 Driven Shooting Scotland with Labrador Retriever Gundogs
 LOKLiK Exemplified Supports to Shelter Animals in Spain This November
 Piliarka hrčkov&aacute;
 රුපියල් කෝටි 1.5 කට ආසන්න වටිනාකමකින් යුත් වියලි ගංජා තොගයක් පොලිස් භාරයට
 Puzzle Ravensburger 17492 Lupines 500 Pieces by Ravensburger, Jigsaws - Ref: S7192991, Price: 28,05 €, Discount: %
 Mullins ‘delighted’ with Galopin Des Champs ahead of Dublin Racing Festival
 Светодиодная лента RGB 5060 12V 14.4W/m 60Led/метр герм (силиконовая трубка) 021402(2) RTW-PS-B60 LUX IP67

--

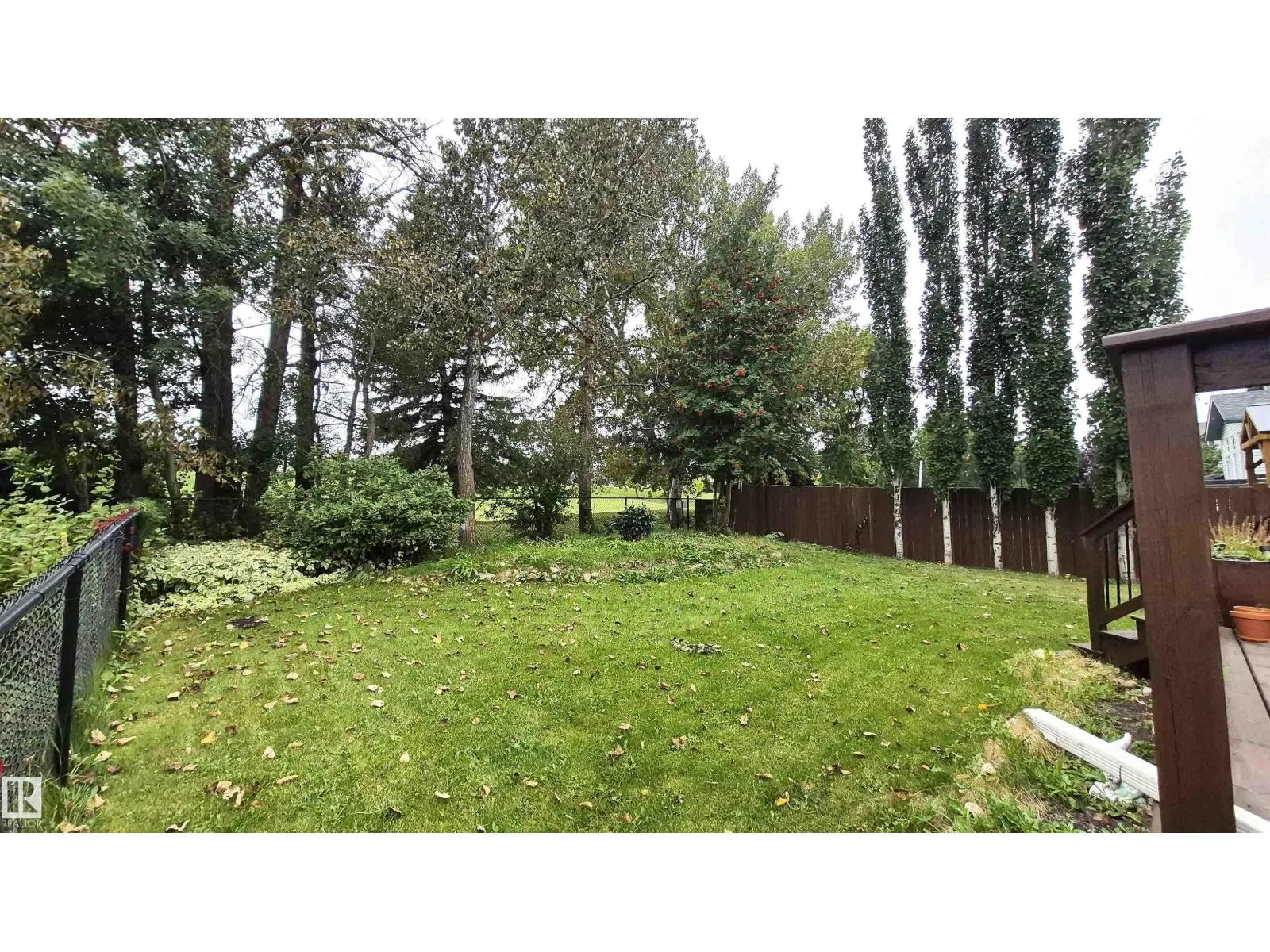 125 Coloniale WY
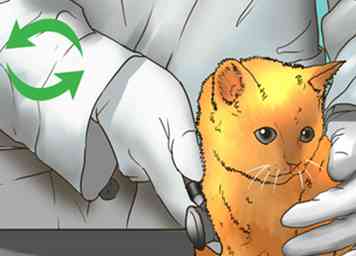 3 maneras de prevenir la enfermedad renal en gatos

▶ _What you have to do_: Could you say how many lines of the entries contain the string "with"? Only the number should be given.

▶ _Exercise result_: 2